Question

In Parallelogram $ABCD$, the bisectors of the consecutive angles $\angle A$ and $\angle B$ intersect at $P$ then prove that $\angle APB = {90^0}$.

Answer 1

We have been given that $ABCD$ is a parallelogram. So opposite sides will be parallel to each other and the sum of adjacent angles will be equal to ${180^0}$. So half of the sum of the adjacent angle will be equal to ${90^0}$. After that we take triangle $ABP$ and apply angle sum properly. Then we put the value of angles from the above known value and this will help us to prove the result.

Complete step-by-step answer:
We have given that $ABCD$ is a parallelogram and angle bisector of angle $A$ and angle $B$ meets at $P$.
We have to prove $\angle APB = {90^0}$
Now $AD\parallel BC$ and $AB\parallel DC$
$AB$ acts as the transversal for $AD$ and $BC$.

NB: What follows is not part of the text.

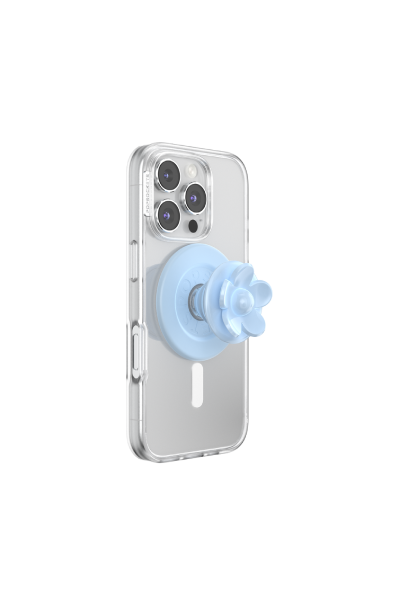 PopSockets PopGrip MagSafe Daisy Bluebell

We know that sum of interior angles of a transverse of is equal to ${180^0}$
So $\angle DAB + \angle CBA = {180^0}$ ------(i)
Now $AP$ and $BP$ are the transversal of the $\angle DAB$ and $\angle CBA$ respectively.
So $\dfrac{1}{2}\angle DAB = \angle PAB$ and $\dfrac{1}{2}\angle CBA = \angle PBA$
Putting these values in equation (i)
$2\angle PAB + 2\angle PBA = {180^0}$
$\angle PAB + \angle PBA = \dfrac{{180}}{2} = {90^0}$
$\angle PAB + \angle PBA = {90^0}$ --------(ii)
$P$ is the interesting point of $AP$ and $BP$. So $ABP$ is a triangle.
Sum of internal angle of triangle = ${180^0}$ .
Therefore $\angle PAB + \angle PBA + \angle ABP = {180^0}$
${90^0} + \angle ABP = {180^0}$
$\angle ABP = {180^0} - {90^0}$
$\angle ABP = {90^0}$

Hence we have proved.

Note: In Euclidean geometry, parallelogram is simple quadrilaterals, which have two parts of parallel sides. The opposite sides of the parallelogram are of equal length and the opposite angles of parallelogram are of equal measure.
There are some properties of parallelograms.
The consecutive angles of the parallelograms are supplementary. This means the sum of consecutive angles of the parallelogram is equal to ${180^0}$ .
Diagonal of the parallelograms bisects each other.
Each diagonal of the parallelograms separates it into two congruent triangles.